Fragments of words swelled in a ghostly chorus, sweeping through trees in the windless night. Harry could just make them out and frowned at their import, their oddness.

"… brilliant—nobody could have known …"

They rose and loomed over the forest; but a snapped twig sent them cowering underneath their shroud, leaving a strange, empty echo in their wake.

Harry shivered again, craning his neck as though to re-call the disembodied murmurs—he toppled over, tripped by a dry branch.

A movement ahead! He scrambled to his feet, peering into blackness momentarily unraveled by a glint, as though of a knife. The boy inched forward, and the stranger seemed to draw closer too. One more step, arm extended—his fingers brushed cool glass. He sighed—whether in relief or disappointment, he did not know—and cast a cursory glance around himself. Full-length, frameless mirrors peeked out from behind gnarled tree trunks, stretching the darkness into an endless void; but was it only darkness?

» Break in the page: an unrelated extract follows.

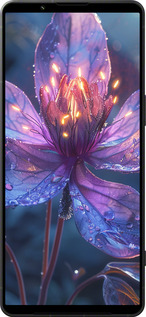 Силиконовый чехол Магический цветок для Sony Xperia 1 VI - 6038u-3975 изображение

Deformed, horrible shapes, surely dragged forth from the bottom of an abyss, leered from the rippling glass surfaces, baring white teeth and staring with burning eyes. Gripped by panic, Harry swiveled round—nothing; yet the mirrors still held the same reflections. Perhaps they were illusions, he reasoned with himself, mere phantoms in enchanted mirrors—like the Mirror of Erised; or perhaps—his expression darkened and he wrapped his arms around himself—perhaps such monstrosity could be contained by nothing but a reflection, lest the world tumble into chaos.

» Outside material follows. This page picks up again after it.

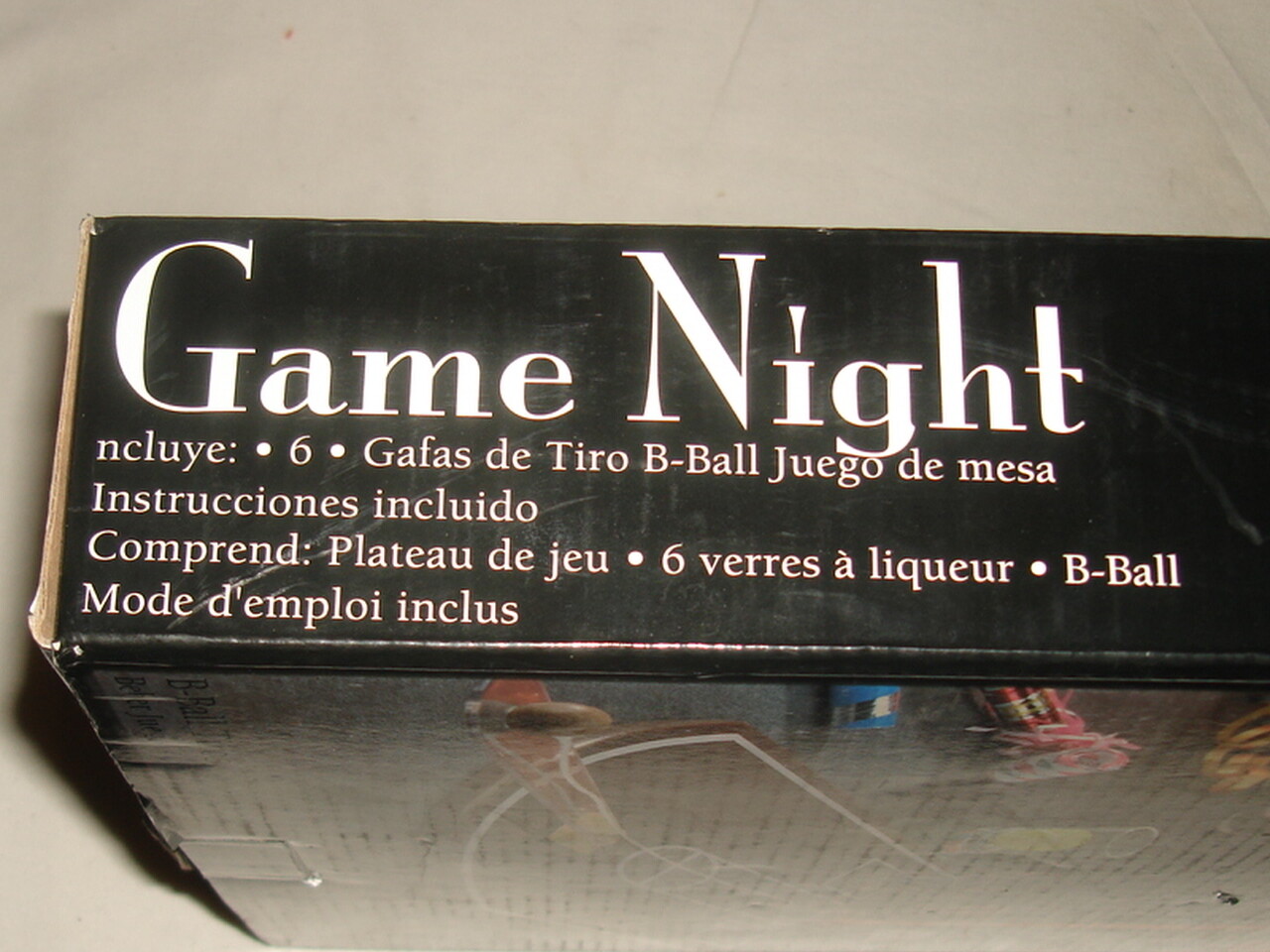 Basketball Drinking Game – 6 Shot Glasses B-Ball Game Night – New in Box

The creatures gave no intimation of hostility, though: they shifted restlessly among themselves, eyes locked not so much on the young wizard, but on the darkness itself. From their midst, however, a tall, thin being, far more human than the rest, was gliding forward, and Harry watched its silent approach in the mirror, nonplussed. It drew nearer and nearer, and he could hear the rustle of robes sliding over leaves, the creature's soft exhales falling on the air, and still he did not understand.

"Harry Potter." The boy froze—it was not a formless whisper. The high, cold voice continued: "Why do you live?"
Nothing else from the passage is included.